GitHunt
MR

MrDoppelganger/UTFSM-INF280-Computational-Statistics

Academic repository for INF-280 Computational Statistics at UTFSM. Features Exploratory Data Analysis (EDA), Statistical Inference, Hypothesis Testing, and Regression Models using Python and Jupyter Notebooks.

Computational Statistics (INF-280)

University: Universidad Técnica Federico Santa María (UTFSM)
Program: Civil Engineering in Informatics
Course: Estadistica Computacional (INF-280) [2° Semester/2025]


📄 Overview

This repository contains the laboratory assignments and practical coursework developed for the
ComputationalStatistics (INF-280) course. The primary objective of this coursework was to apply statistical
concepts and probability theory to solve engineering problems, utilizing computational tools for data analysis
and inference.

The projects focus on the full data analysis lifecycle: from Exploratory Data Analysis (EDA) and visualization
to advanced Statistical Inference and Regression Modeling.

🧪 Laboratory Assignments

The coursework is divided into practical laboratories implemented in Jupyter Notebooks, covering the following
course units:

Lab 1: Exploratory Data Analysis (EDA)

Focuses on Descriptive Statistics to summarize and visualize data characteristics.

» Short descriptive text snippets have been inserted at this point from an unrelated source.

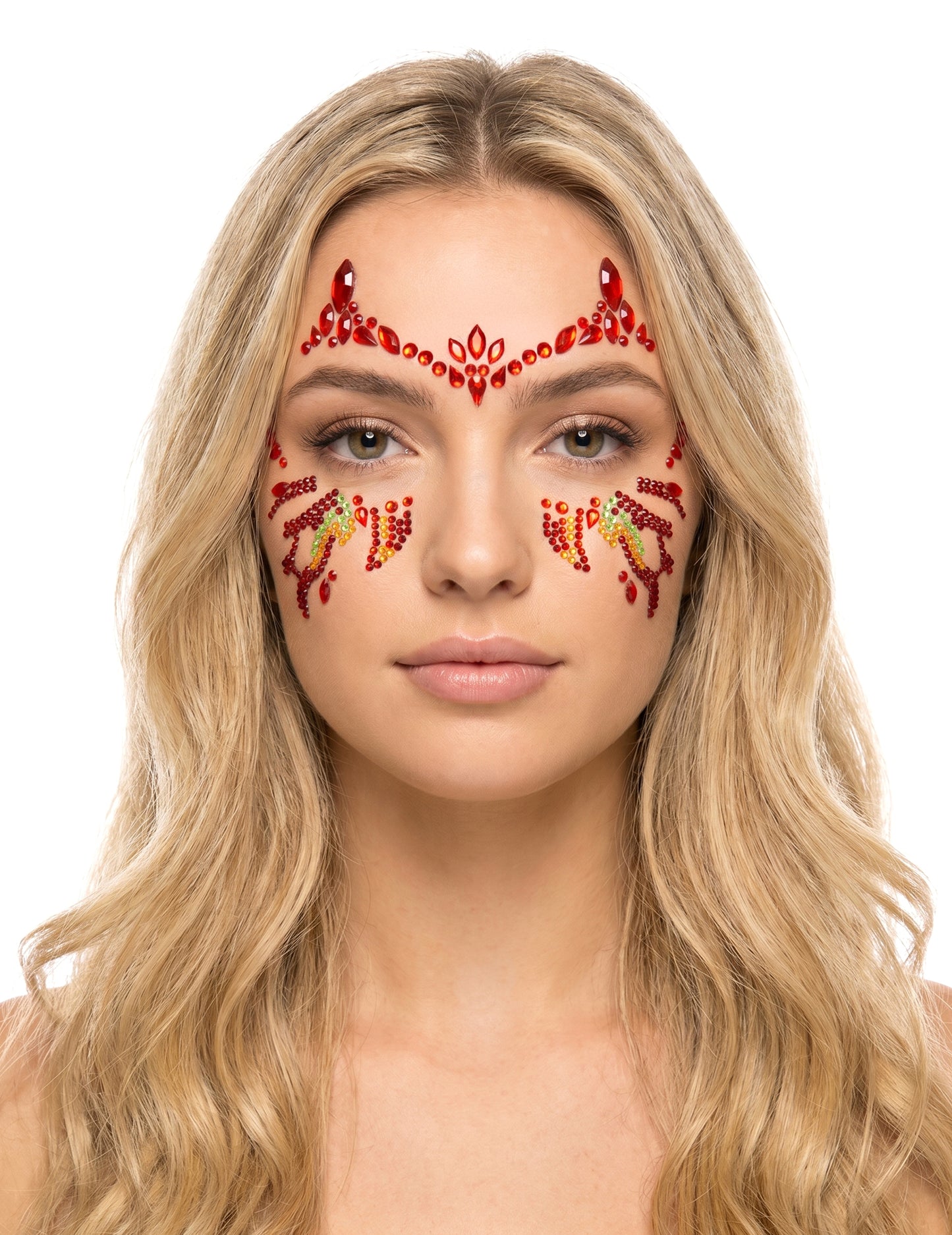 Adesivos de strass com diabos em chamas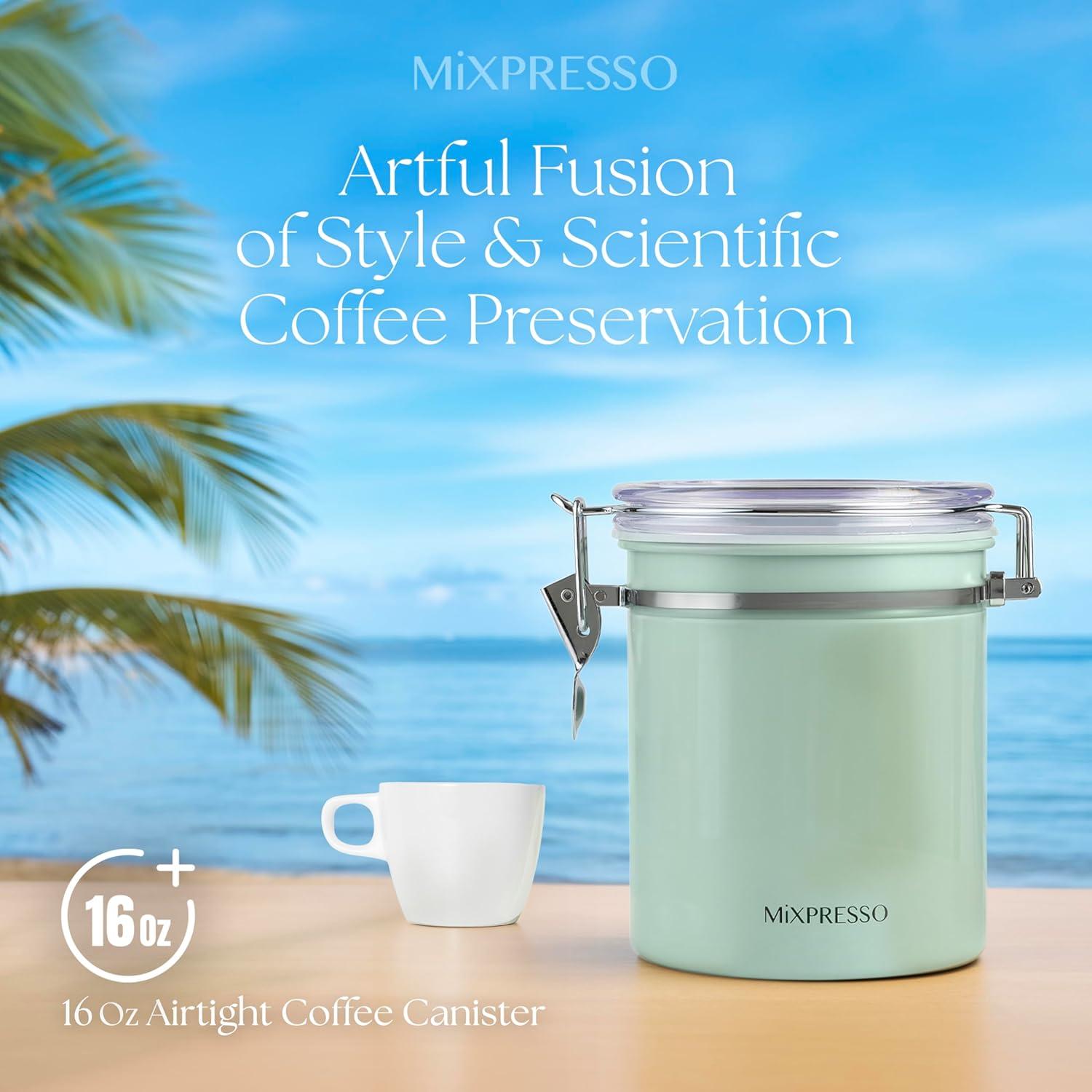 Contenedor de Café Verde Mixpresso 450g Acero Inoxidable Hermético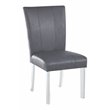 Milan Mckinley Flare-Back Steel/PU Parson Side Chair in Gray (Set of 2)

  • key Concepts: Data cleaning, measures of central tendency and dispersion, and distribution visualization
    (histograms, boxplots).
  • Goal: To obtain preliminary insights and detect patterns or anomalies in raw datasets.

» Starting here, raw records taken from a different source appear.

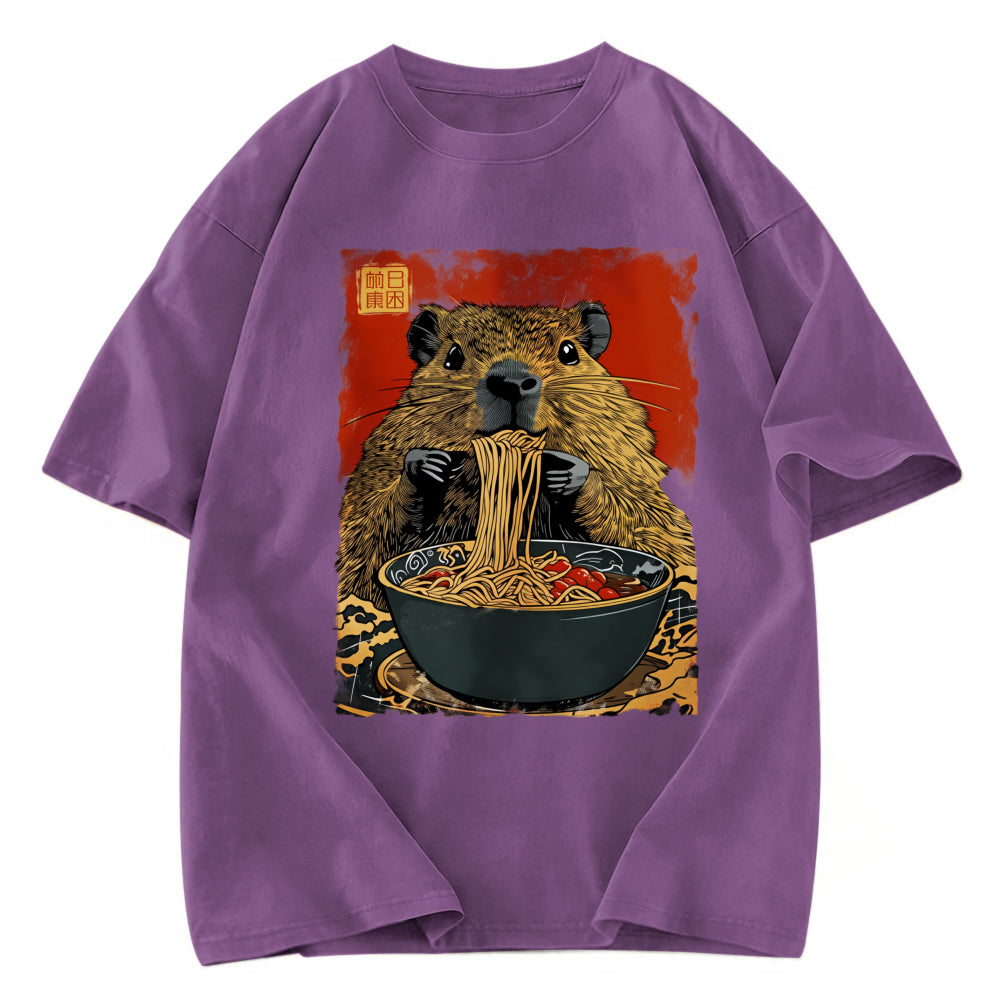 Tokyosol Capybara Ramen Lover Washed T-Shirt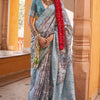 Delectable Grey Digital Printed Cotton Silk Saree With Captivating Blouse Piece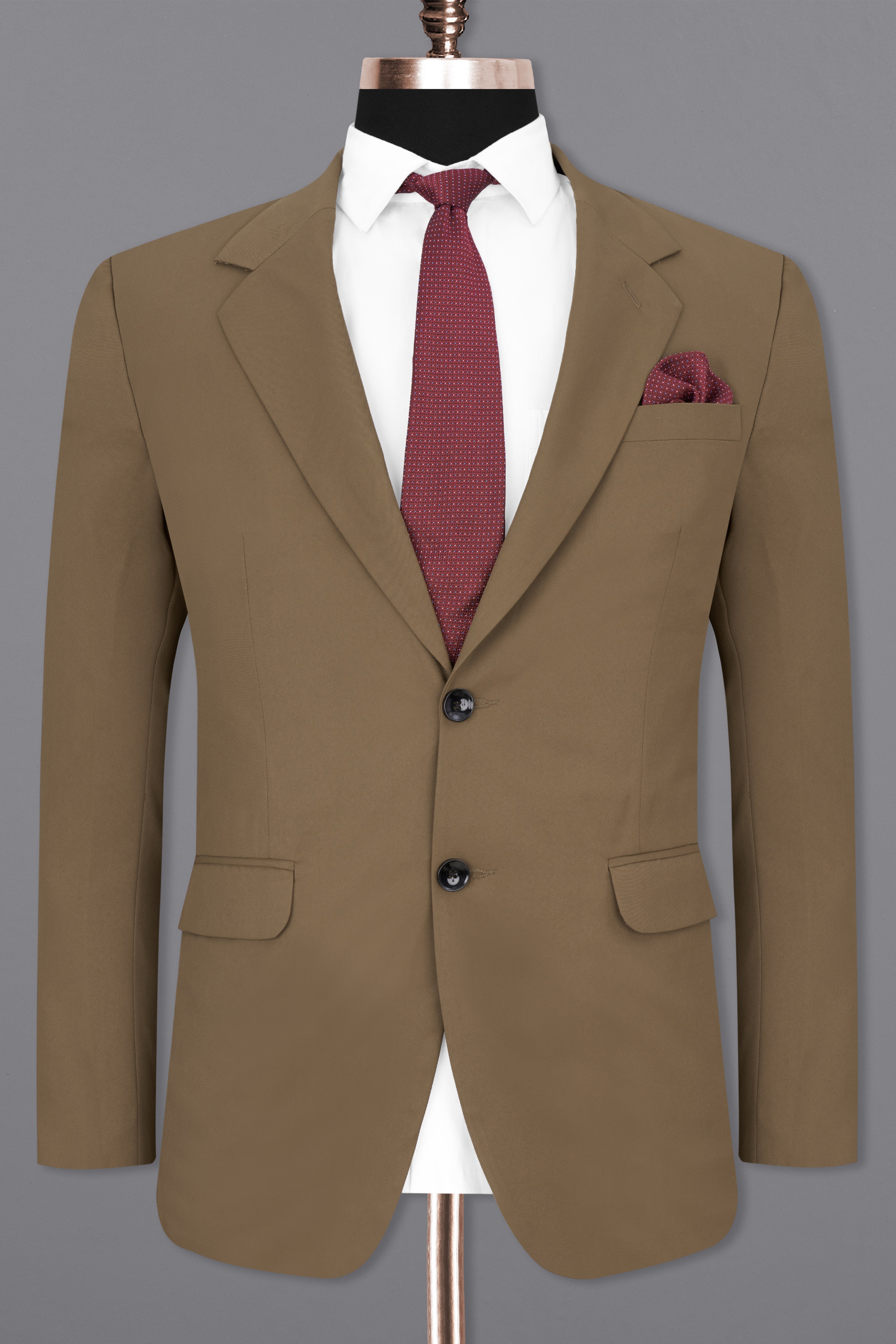 Khaki Brown Single Breasted Blazer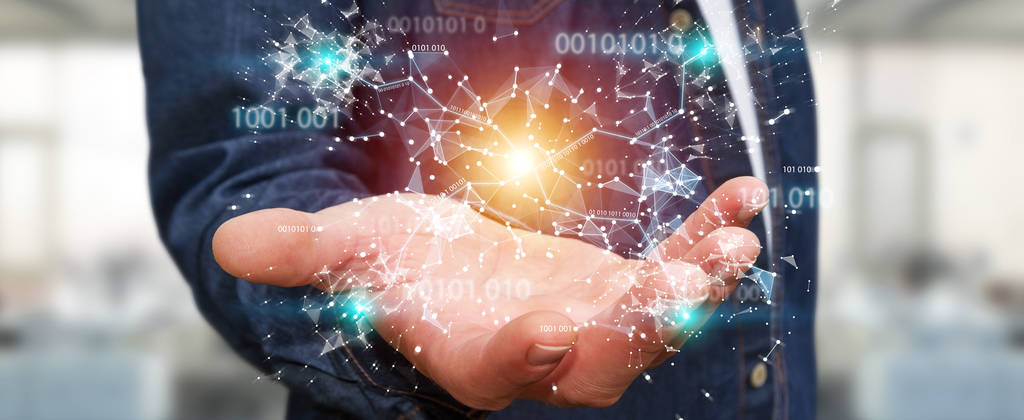 商人使用数字二进制码连接网络3d 撕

Lab 2: Probability & Statistical Inference

Centers on probability distributions and the foundations of inferential statistics.

  • Key Concepts: Random variables, probability density functions, sampling distributions, and confidence
    intervals.
  • Goal: To estimate population parameters based on sample data and assess the reliability of these
    estimates.

Lab 3: Hypothesis Testing & Regression Models

Applies advanced inference techniques and predictive modeling.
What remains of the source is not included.